Shares of Civeo Corporation (CVEO 1.78%) dropped more than 18% last month, following a 6.3% decline in crude oil prices in March. For reference, shares began the month at an all-time high near $3.50 apiece. The integrated provider of remote workforce accommodations piggybacks on the growth of the mining and oil gas industries in Canada, the United States, and Australia. When natural resource extraction and pipeline construction is booming, the company's business follows suit. However, the reverse is also true. 

The pullback in oil and gas investment in recent years and steady decline of coal production hit the business hard. Therefore, investors worry that any downturn in crude oil prices jeopardizes future demand for the company's services and its ability to recover from its multi-year slump.

An oil worker in silhouette against an oil well.

Image source: Getty Images.

So what

While month-to-month jitters are a little over the top from a long-term investing point of view, Civeo Corporation doesn't have much room for error. The $380 million company reported a staggering $337 million in long-term debt at the end of 2016. It also saw revenue drop 23.3% from the year-ago period and reported a net loss of $0.90 per share. Given the difficult market conditions in recent years, it's not surprising that the stock is familiar with volatility.  

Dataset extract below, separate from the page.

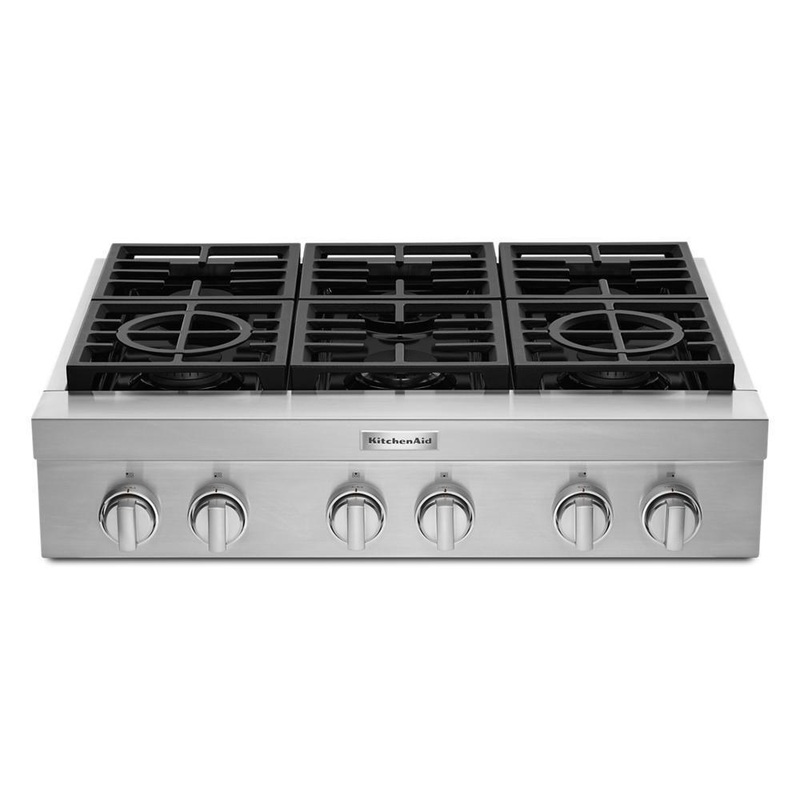 KCGC506JSS KitchenAid 36” 6-Burner Commercial-Style Gas Rangetop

But there's some good news as well. A $65 million stock issuance in February was used to pay down debt levels. Management has also managed to cut selling, general, and administrative expenses 22% since 2014.

CVEO Chart

CVEO data by YCharts

The biggest boon to business in the near term may be an expected uptick in shorter cycle business, or lodging required for shorter-term projects such as remote rig installation or pipeline building. Consider that in 2014 Civeo Corporation generated roughly $225 million from shorter-cycle business. That dropped to just $50 million last year. While management hasn't provided expectations for when that business will recover, improvements in drilling and completion technology have dramatically shortened the duration of well installation in recent years. That could hurt the chances that the company sees a return to historical revenue levels. Then again, at just $50 million, any upside would be welcomed.  

Now what

Despite the headwinds, investors continue to bet on the future of Civeo Corporation, as evidenced by recently established all-time highs -- even if they feed into volatility and uncertainty from time to time. The stock has only been publicly traded since mid-2015, but the balance sheet is clearly improving and management is optimistic about the future. If natural resource extraction rates recover to historical levels, then the company's business could be in line for a major windfall. But that may prove more difficult than investors currently anticipate.